— INPUT RECORDS —
* * *

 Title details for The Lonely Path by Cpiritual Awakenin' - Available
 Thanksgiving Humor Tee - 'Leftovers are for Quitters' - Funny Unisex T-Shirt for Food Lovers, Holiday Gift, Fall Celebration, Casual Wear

* * *

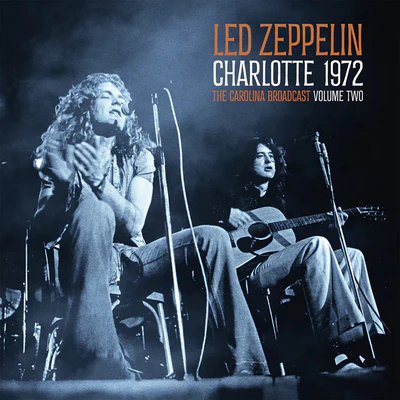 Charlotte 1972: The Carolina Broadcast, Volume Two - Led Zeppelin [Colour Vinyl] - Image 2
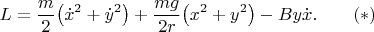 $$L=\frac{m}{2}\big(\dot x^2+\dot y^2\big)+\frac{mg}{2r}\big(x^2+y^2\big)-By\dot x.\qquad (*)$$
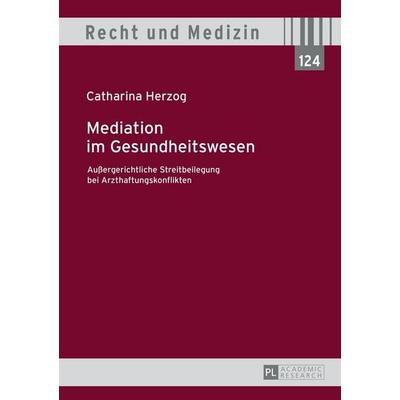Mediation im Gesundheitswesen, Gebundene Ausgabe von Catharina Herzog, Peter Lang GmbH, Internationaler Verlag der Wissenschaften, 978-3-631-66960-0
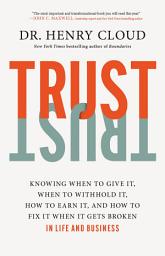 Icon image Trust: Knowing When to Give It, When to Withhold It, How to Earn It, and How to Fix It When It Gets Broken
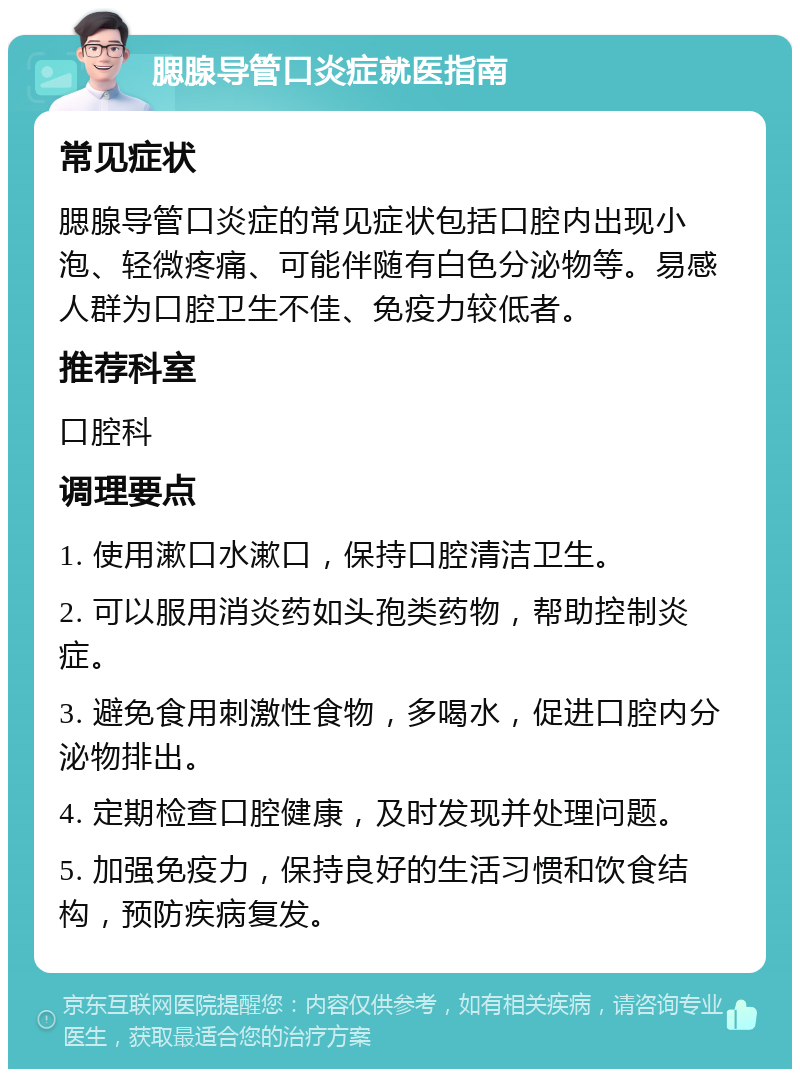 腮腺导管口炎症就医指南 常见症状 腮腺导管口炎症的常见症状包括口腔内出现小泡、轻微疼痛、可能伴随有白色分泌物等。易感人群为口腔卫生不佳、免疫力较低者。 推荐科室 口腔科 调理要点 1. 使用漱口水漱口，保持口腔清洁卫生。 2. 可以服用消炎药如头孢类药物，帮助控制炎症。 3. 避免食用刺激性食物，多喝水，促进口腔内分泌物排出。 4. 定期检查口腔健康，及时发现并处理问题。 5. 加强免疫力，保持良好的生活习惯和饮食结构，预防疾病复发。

* * *

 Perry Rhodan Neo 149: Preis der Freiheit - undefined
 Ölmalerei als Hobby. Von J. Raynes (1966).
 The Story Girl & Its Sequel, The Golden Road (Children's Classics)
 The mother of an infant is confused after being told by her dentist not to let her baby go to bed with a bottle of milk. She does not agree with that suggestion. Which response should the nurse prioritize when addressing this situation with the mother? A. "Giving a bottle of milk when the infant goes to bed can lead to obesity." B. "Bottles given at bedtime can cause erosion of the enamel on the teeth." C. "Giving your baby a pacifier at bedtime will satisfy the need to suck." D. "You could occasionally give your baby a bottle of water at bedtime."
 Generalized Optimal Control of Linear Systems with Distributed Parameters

* * *

— WHAT THE EXERCISE ASKS —
The lines above starting at the one that contains "Title details for" and ending at the one that contains "Thanksgiving Humor Tee" must be transcribed exactly, and no other lines may appear.

— SOLVED PROBLEM —
 Title details for The Lonely Path by Cpiritual Awakenin' - Available
 Thanksgiving Humor Tee - 'Leftovers are for Quitters' - Funny Unisex T-Shirt for Food Lovers, Holiday Gift, Fall Celebration, Casual Wear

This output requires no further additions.